Robert Jordan wrote the books as a veteran of the Vietnam War, and so they also act as a form of moral philosophical exploration of what it means to have done both good and evil, and how to deal with the good and evil inside of us.

After returning from the war, Jordan wrote of his personal experience:

I had two nicknames in ‘Nam. First up was Ganesha, after the Hindu god called the Remover of Obstacles. He’s the one with the elephant head. That one stuck with me, but I gained another that I didn’t like so much. The Iceman. One day, we had what the Aussies called a bit of a brass-up. Just our ship alone, but we caught an NVA battalion crossing a river, and wonder of wonders, we got permission to fire before they finished.

The gunner had a round explode in the chamber, jamming his 60, and the fool had left his barrel bag, with spares, back in the revetment. So while he was frantically rummaging under my seat for my barrel bag, it was over to me, young and crazy, standing on the skid, singing something by the Stones at the of my lungs with the mike keyed so the others could listen in, and Lord, Lord, I rode that 60. 3000 rounds, an empty ammo box, and a smoking barrel that I had burned out because I didn’t want to take the time to change.

We got ordered out right after I went dry, so the artillery could open up, and of course, the arty took credit for every body recovered, but we could count how many bodies were floating in the river when we pulled out. The next day in the orderly room an officer with a literary bent announced my entrance with “Behold, the Iceman cometh.” For those of you unfamiliar with Eugene O’Neil, the Iceman was Death. I hated that name, but I couldn’t shake it. And, to tell you the truth, by that time maybe it fit.

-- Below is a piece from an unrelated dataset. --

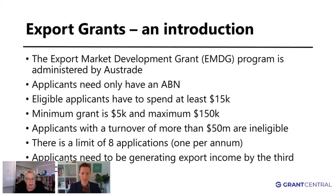The Export Market Development Grant, more commonly known as the EMDG program, is administered by Austrade — the Australian Trade Commission. Sometimes people get confused, as industry tends to look at other grants like the R&D tax incentive and Accelerate Commercialisation. This export grant is administered by Austrade.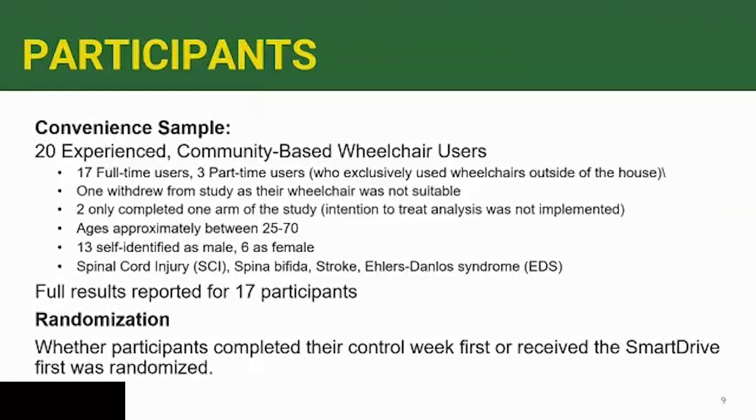We had a convenient sample of 20 experienced community-based wheelchair users; 17 were full-time and 3 were part-time, but they all used a wheelchair for outside mobility exclusively. One person withdrew for a reason related to their wheelchair. The demographics of our population were a pretty representative, diverse, community-based group of users. We randomized them between using the Permobil SmartDrive first or not using the SmartDrive first.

I have, or used to have, a photo of a young man sitting on a log eating C-rations with a pair of chopsticks. There are three dead NVA laid out in a line just beside him. He didn’t kill them. He didn’t choose to sit there because of the bodies. It was just the most convenient place to sit. The bodies don’t bother him. He doesn’t care. They’re just part of the landscape. The young man is glancing at the camera, and you know in one look that you aren’t going to take this guy home to meet your parents.

Back in the world, you wouldn’t want him in your neighborhood, because he is cold, cold, cold. I strangled that SOB, drove a stake through his heart, and buried him face down under a crossroad outside Saigon before coming home, because I knew that guy wasn’t made to survive in a civilian environment. I think he’s gone. All of him. I hope so. I much prefer being remembered as Ganesha, the Remover of Obstacles.

Rand undergoes his own similarly dark journey in the latter Wheel of Time books, committing acts of atrocity and war crimes, killing civilians and using the magical equivalent of nuclear weapons. His spiritual healing comes not from victory in battle or ‘winning,’ but in the form of integration. Rand learns several lessons here.

There is a quote about duty being heavier than a mountain and death being light as a feather, which is about coming to terms with life as a struggle worth doing. There’s also a lot about truth and honor which really resonates with me. And an idea of masculinity, which rejects the idea of being tough as steal, and instead being an integration of strength, laughter, love and compassion.